Exports fell 0.1 percent due to such factors as China’s economic slowdown. This indicates that growth in domestic demand, which includes consumption, surpassed the decline in external demand.

However, it is hard to say that private consumption is firm. In July, sales of soft drinks and beer products were sluggish due to bad weather. Summer bargain sales at department stores were struggling, while leisure facilities, including swimming pools, also took a hit in attracting customers.

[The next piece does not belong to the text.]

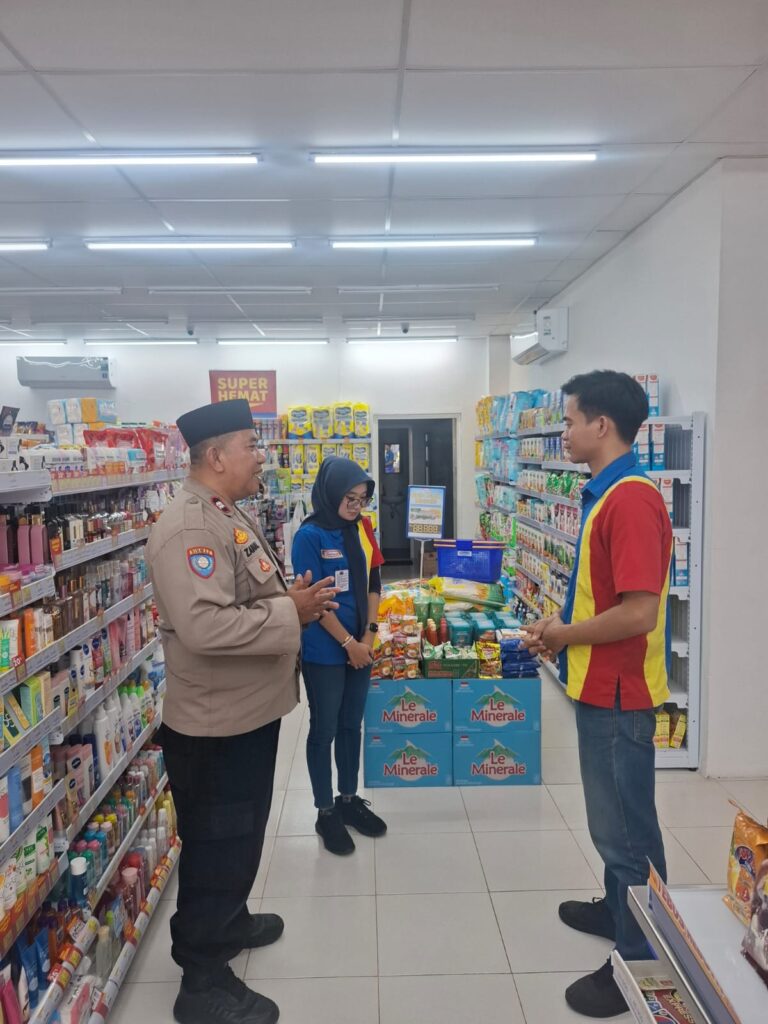 Bhabinkamtibmas Desa Ciomas Patroli Dialogis ke Indomaret, Perkuat Kamtibmas Ramadhan 1447 H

The Cabinet Office’s consumer confidence index, which tracks livelihood outlooks over the next six months, fell for 10 consecutive months through July. Toward the planned consumption tax rate hike in October, consumers are increasingly wary. A repeat of the 2014 case, in which consumption stalled due to a tax rate increase, must be avoided.

As a countermeasure, the government plans to launch a point reward program for cashless payments at small and midsize businesses. Tax cuts will be implemented for automobile and housing purchases to cushion impacts from the tax rate hike. All possible steps should be taken to make the public aware of these measures.

BOJ must be agile

It is also concerning that summer bonuses at major companies fell about 3 percent this year, according to a tally by the Japan Business Federation (Keidanren). Many companies hold substantial internal reserves. To support consumption, it is desirable that companies give back to their employees as much as possible.

Capital investment, another pillar of domestic demand, showed upbeat growth of 1.5 percent in the April-June quarter. However, this also has many concerning aspects. Such factors as the decline in exports to China have dealt a blow to the performance of companies in the electronics, chemical and other manufacturing sectors.

Trade friction between the United States and China is intensifying. Financial markets have fluctuated, with the yen strengthening further. Toyota Motor Corp. changed its foreign exchange rate assumption and lowered its annual earnings forecast for the year ending in March 2020.

China’s economic slowdown and the stronger yen will become a double whammy for corporate earnings.

U.S. President Donald Trump expressed strong dissatisfaction with the stronger dollar on Twitter. As he believes the stronger dollar is working against exports by U.S. manufacturing companies, Trump urged the U.S. Federal Reserve Board to slash interest rates further as soon as possible.

If the United States implements additional interest rate cuts, the difference in interest rates between Japan and the United States will narrow, making it easier for the yen to strengthen. It is crucial for the Bank of Japan to pay attention to developments in the foreign exchange market and try to exercise the agile management of policy measures.